> _INSTRUCTIONS TO FOLLOW_
Please copy out the entries exactly, skipping any pictures.

-- EXERCISE INPUT follows --

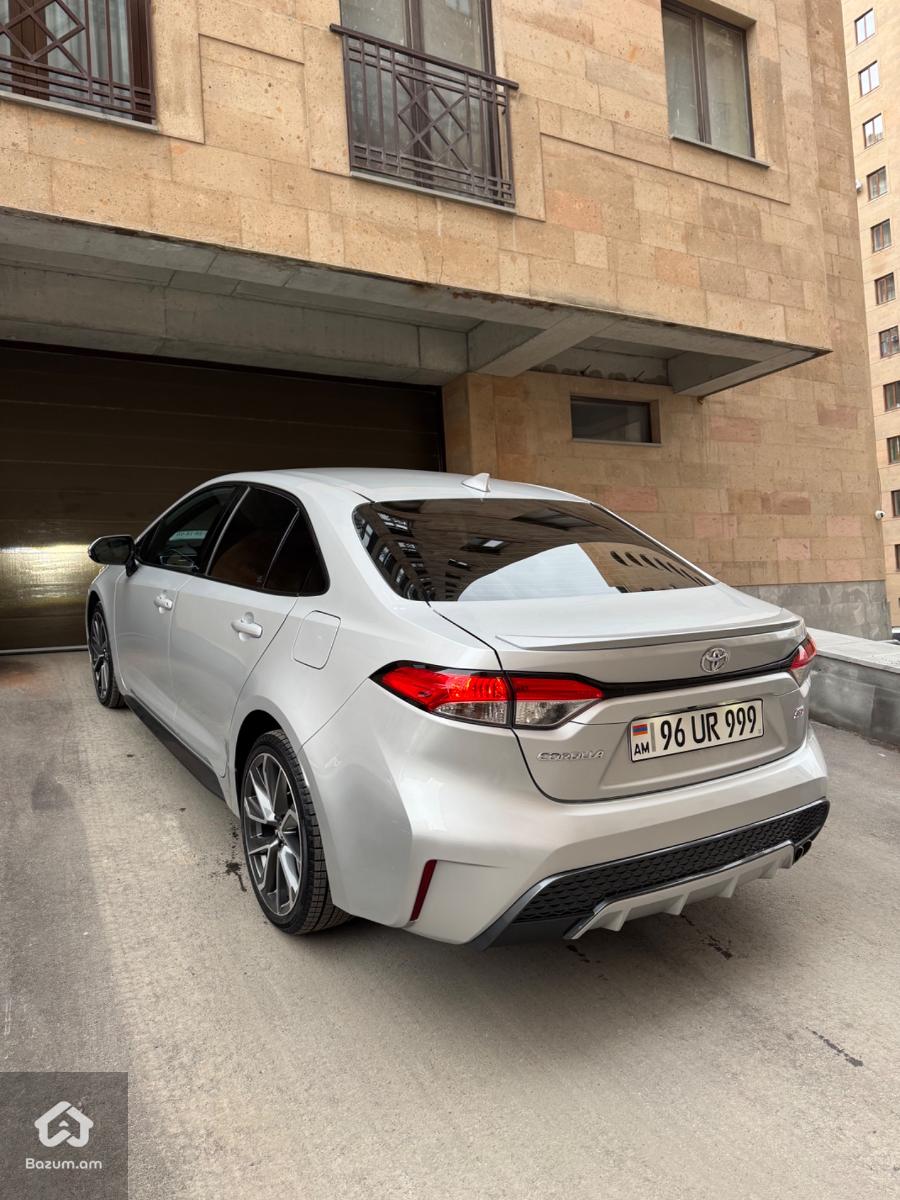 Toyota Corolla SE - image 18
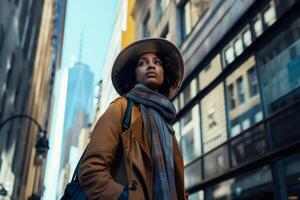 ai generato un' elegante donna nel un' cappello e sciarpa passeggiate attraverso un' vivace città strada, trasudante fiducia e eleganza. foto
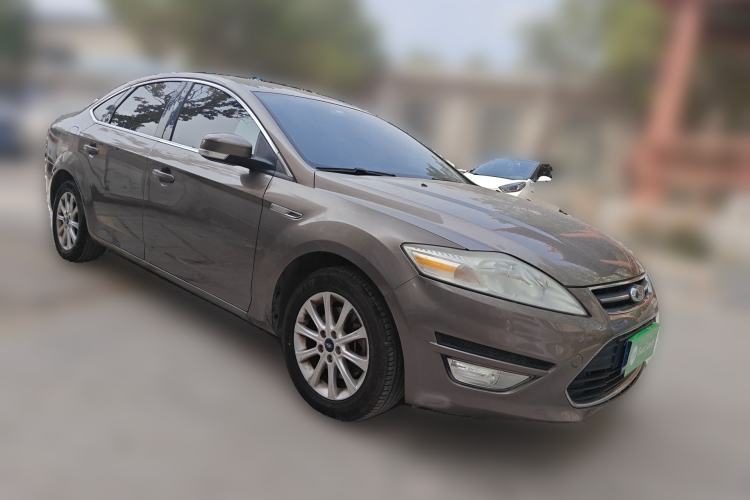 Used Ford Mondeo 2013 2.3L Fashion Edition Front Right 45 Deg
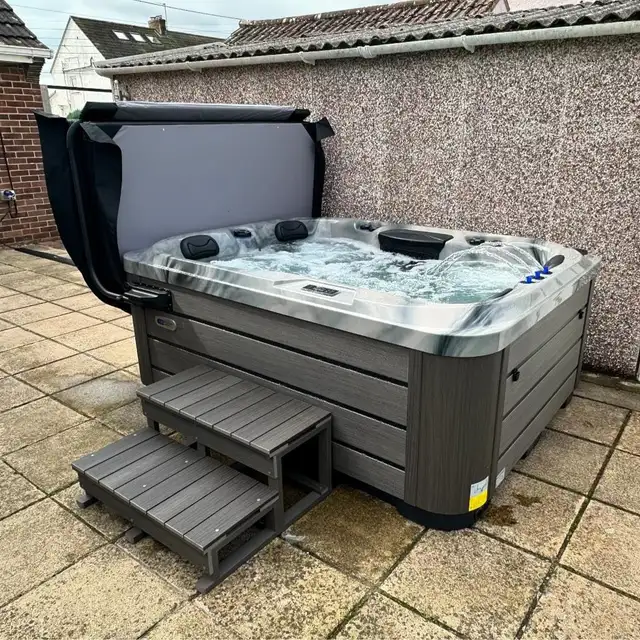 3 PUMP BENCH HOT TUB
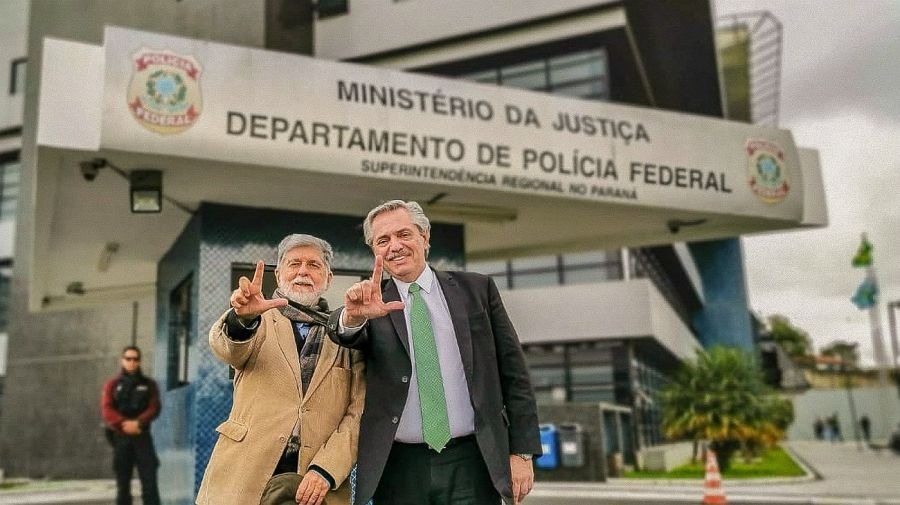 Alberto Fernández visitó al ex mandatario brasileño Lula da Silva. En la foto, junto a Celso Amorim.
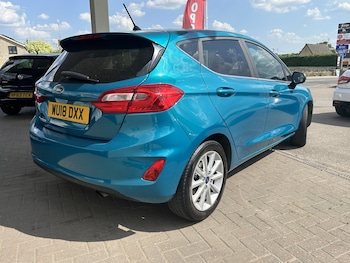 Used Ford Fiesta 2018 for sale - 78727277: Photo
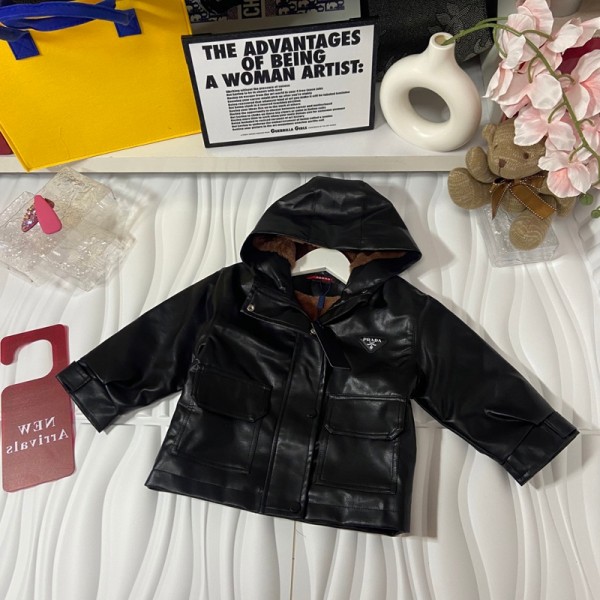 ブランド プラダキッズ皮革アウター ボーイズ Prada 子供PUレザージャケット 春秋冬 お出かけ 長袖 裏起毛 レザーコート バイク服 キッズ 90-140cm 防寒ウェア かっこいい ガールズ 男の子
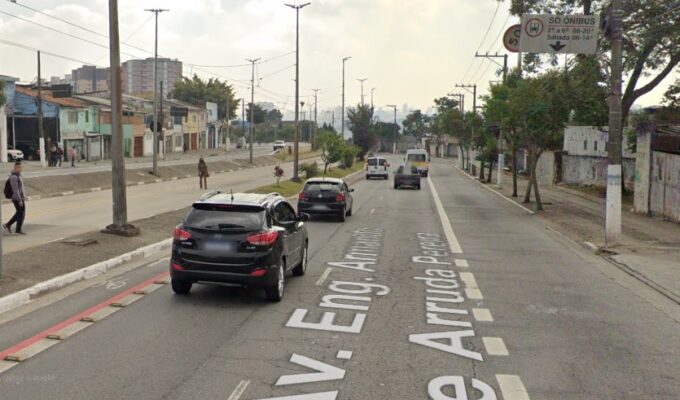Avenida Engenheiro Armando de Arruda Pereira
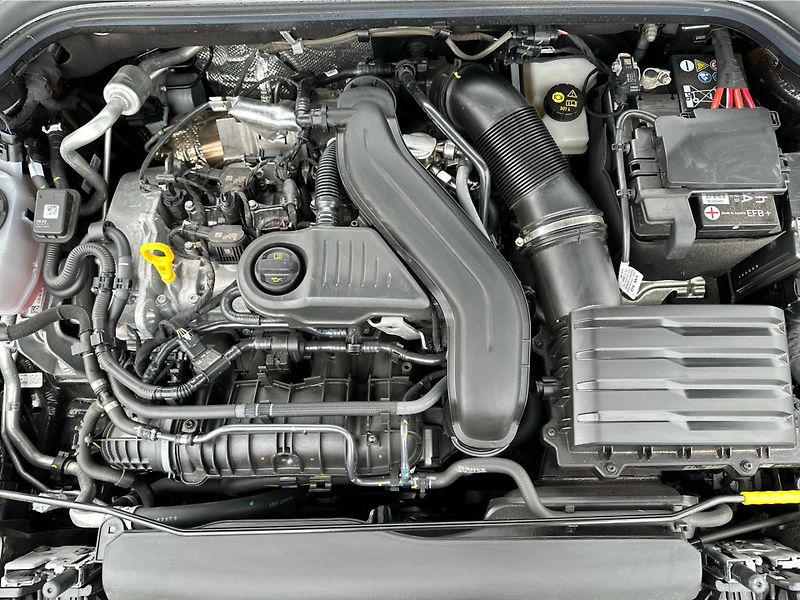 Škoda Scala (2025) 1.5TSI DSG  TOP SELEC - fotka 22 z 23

-- EXERCISE INPUT concluded --

> _SOLUTION BELOW_
 Toyota Corolla SE - image 18
 ai generato un' elegante donna nel un' cappello e sciarpa passeggiate attraverso un' vivace città strada, trasudante fiducia e eleganza. foto
 Used Ford Mondeo 2013 2.3L Fashion Edition Front Right 45 Deg
 3 PUMP BENCH HOT TUB
 Alberto Fernández visitó al ex mandatario brasileño Lula da Silva. En la foto, junto a Celso Amorim.
 Used Ford Fiesta 2018 for sale - 78727277: Photo
 ブランド プラダキッズ皮革アウター ボーイズ Prada 子供PUレザージャケット 春秋冬 お出かけ 長袖 裏起毛 レザーコート バイク服 キッズ 90-140cm 防寒ウェア かっこいい ガールズ 男の子
Avenida Engenheiro Armando de Arruda Pereira
 Škoda Scala (2025) 1.5TSI DSG  TOP SELEC - fotka 22 z 23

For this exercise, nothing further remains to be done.